**WHAT YOU NEED TO DO**
Transcribe only the part of the material below that begins at the line containing "長(zhǎng)沙市政隆回縣" and ends at the line containing "Датчик тм100в москвич волга", with both kept and images left out.

**EXERCISE DATA**
——

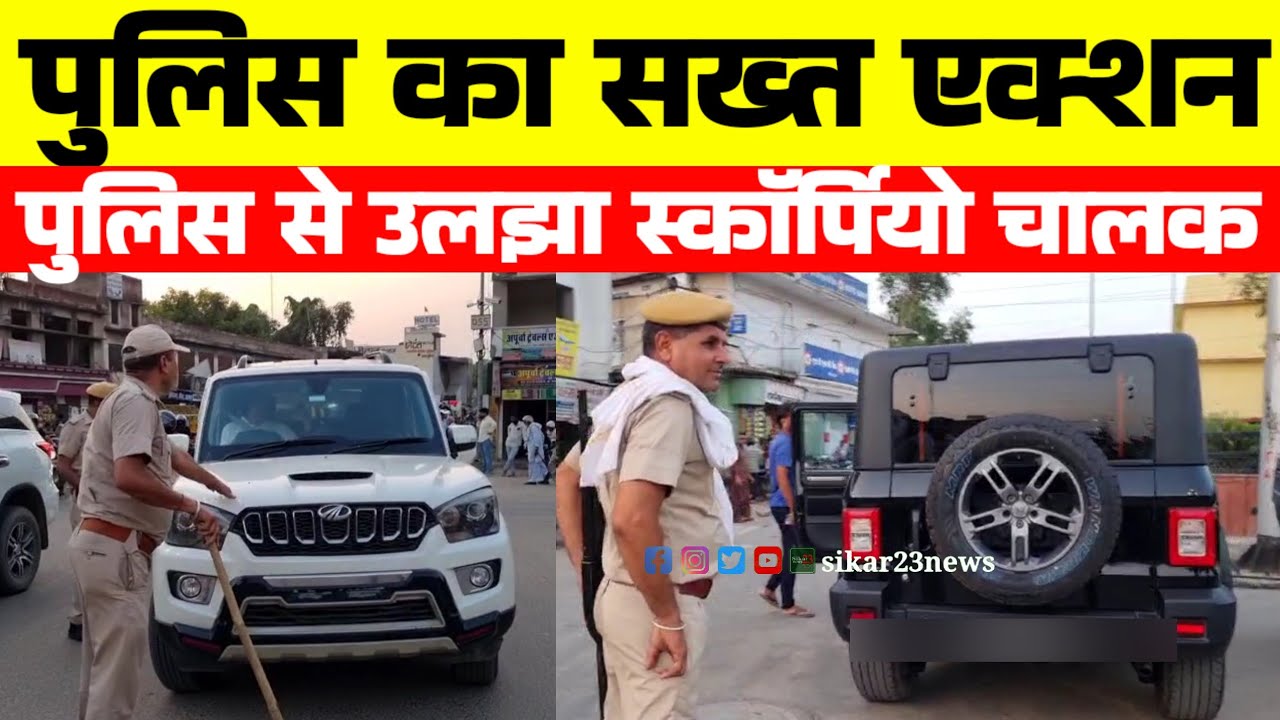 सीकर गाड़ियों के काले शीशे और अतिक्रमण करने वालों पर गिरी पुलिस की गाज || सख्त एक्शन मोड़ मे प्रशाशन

——

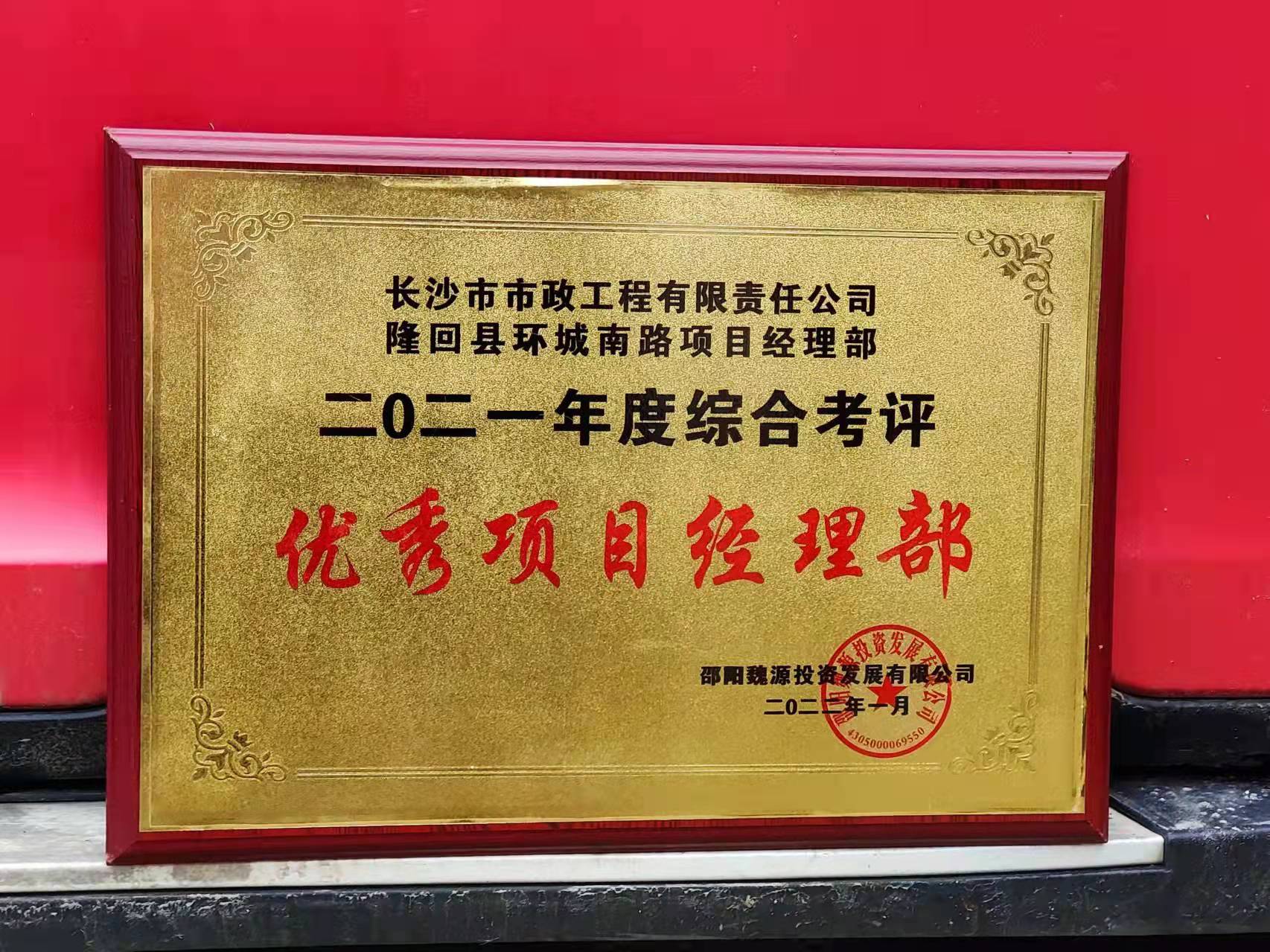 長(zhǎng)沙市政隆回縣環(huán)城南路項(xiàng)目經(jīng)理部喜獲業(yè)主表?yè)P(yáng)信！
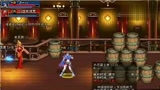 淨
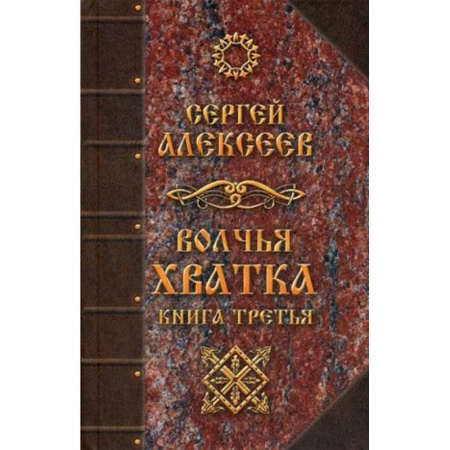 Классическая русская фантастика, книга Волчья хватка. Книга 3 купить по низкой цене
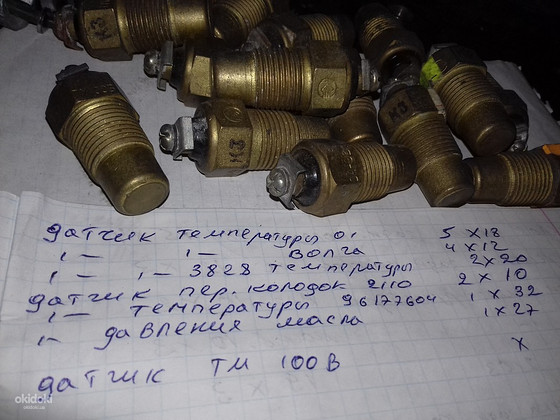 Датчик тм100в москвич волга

——

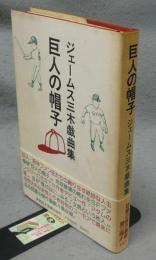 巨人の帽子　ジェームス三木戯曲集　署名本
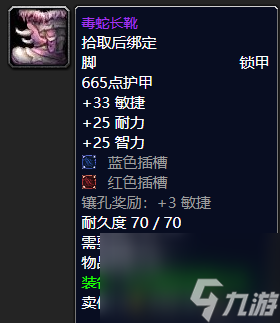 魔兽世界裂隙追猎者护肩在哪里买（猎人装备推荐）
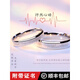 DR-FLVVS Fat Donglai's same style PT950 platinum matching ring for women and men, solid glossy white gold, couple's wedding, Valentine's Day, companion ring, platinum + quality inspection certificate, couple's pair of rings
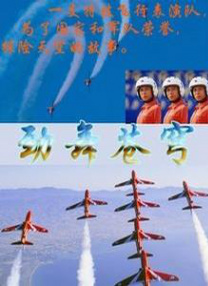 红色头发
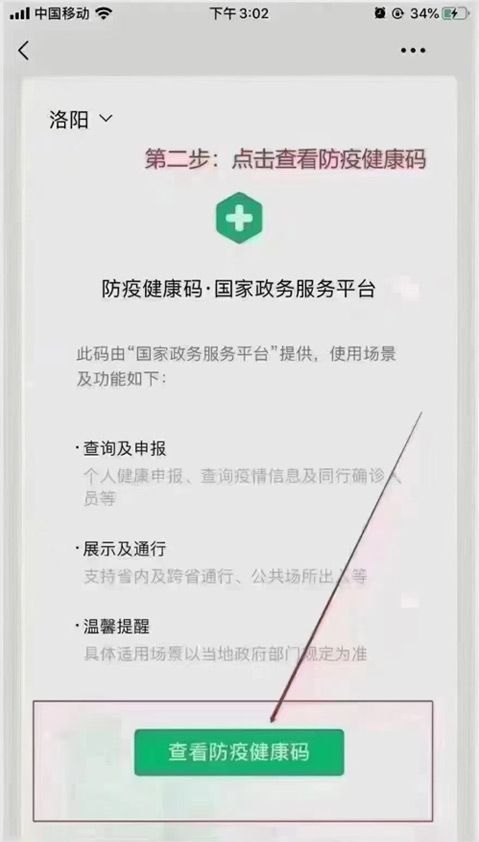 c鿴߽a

——

**WRITTEN RESPONSE**
 長(zhǎng)沙市政隆回縣環(huán)城南路項(xiàng)目經(jīng)理部喜獲業(yè)主表?yè)P(yáng)信！
 淨
 Классическая русская фантастика, книга Волчья хватка. Книга 3 купить по низкой цене
 Датчик тм100в москвич волга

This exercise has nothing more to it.